**The task**: Restate word for word the lines below from the one that has "Purple Night Sky Over Mountains T-shirt" through the one that has "thumbnail image 5", keeping both and dropping all pictures.

**Information**:

⟨

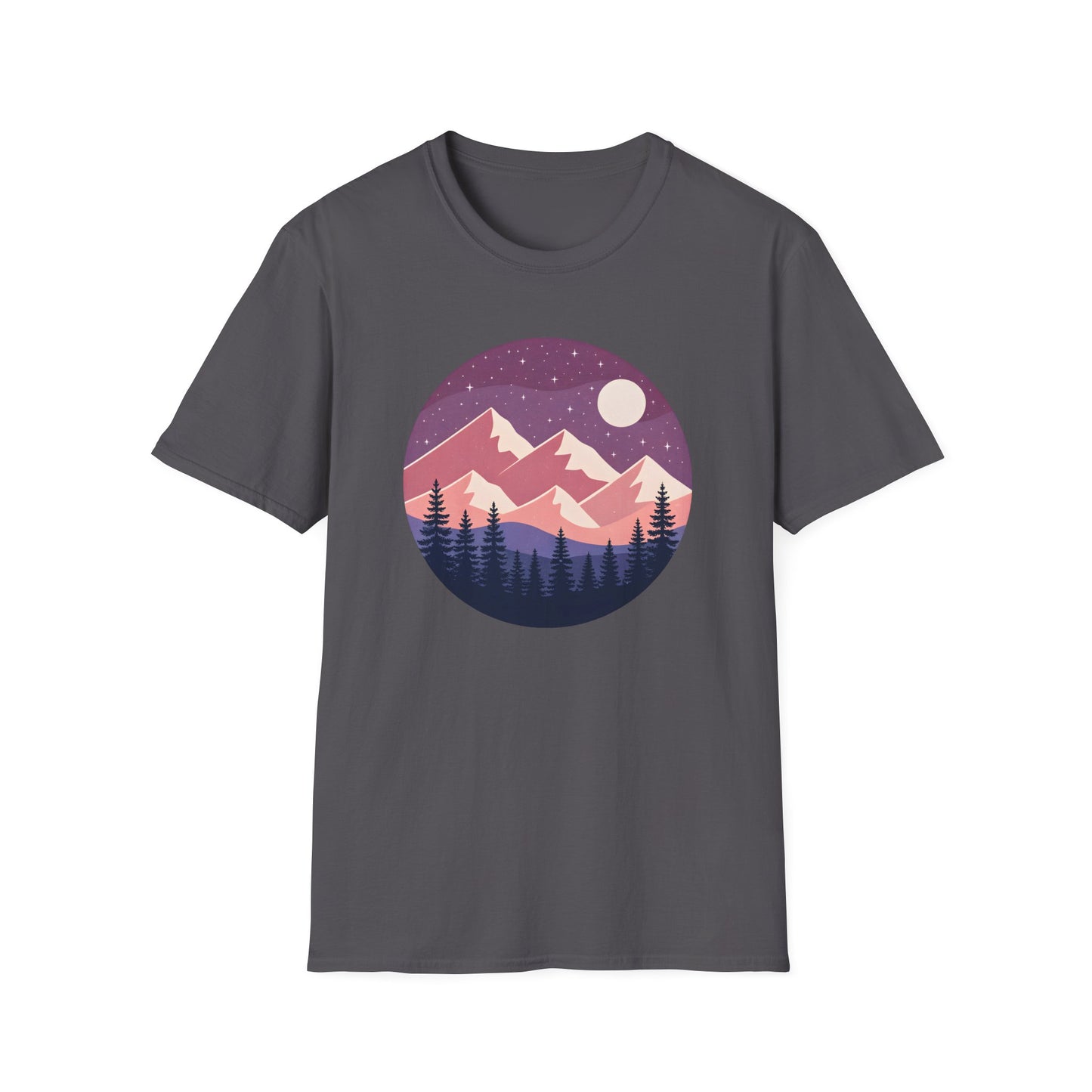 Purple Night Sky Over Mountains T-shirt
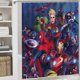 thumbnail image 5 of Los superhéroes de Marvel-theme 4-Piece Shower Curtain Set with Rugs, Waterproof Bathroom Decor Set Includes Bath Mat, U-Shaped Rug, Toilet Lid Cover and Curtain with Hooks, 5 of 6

⟩
⟨

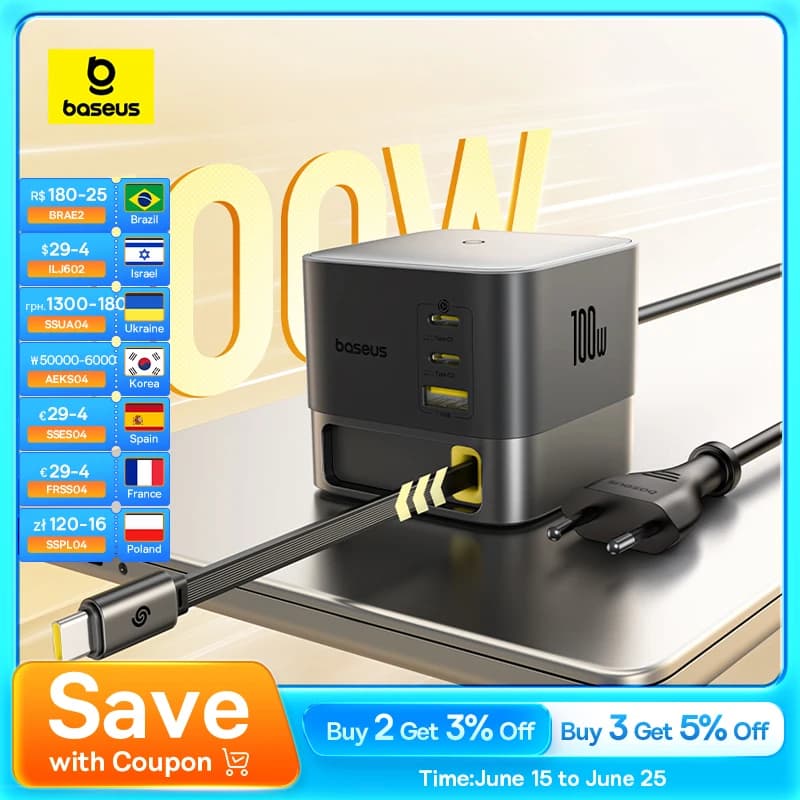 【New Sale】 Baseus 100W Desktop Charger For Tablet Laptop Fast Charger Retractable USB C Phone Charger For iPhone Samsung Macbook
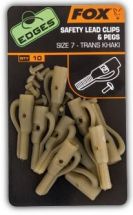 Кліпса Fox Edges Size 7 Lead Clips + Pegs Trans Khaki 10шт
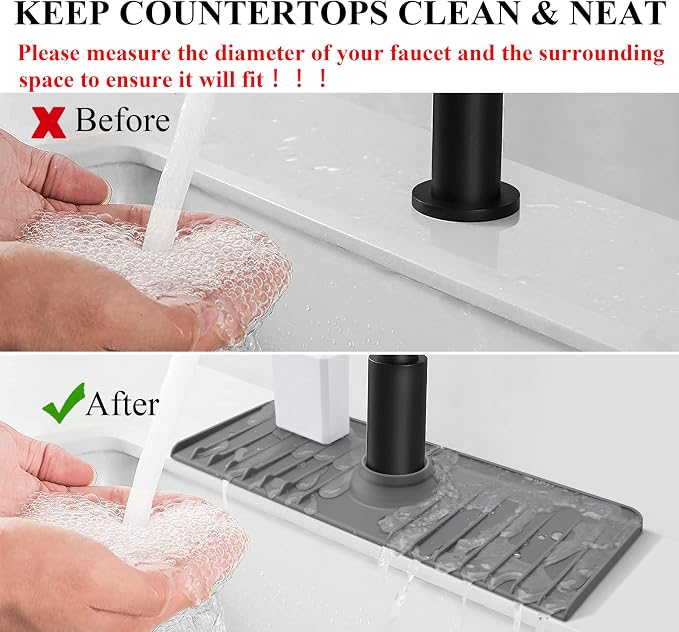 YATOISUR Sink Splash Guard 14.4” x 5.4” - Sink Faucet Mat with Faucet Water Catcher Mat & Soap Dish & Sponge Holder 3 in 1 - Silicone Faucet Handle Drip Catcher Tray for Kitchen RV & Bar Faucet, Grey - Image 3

⟩

**Output**:
 Purple Night Sky Over Mountains T-shirt
 thumbnail image 5 of Los superhéroes de Marvel-theme 4-Piece Shower Curtain Set with Rugs, Waterproof Bathroom Decor Set Includes Bath Mat, U-Shaped Rug, Toilet Lid Cover and Curtain with Hooks, 5 of 6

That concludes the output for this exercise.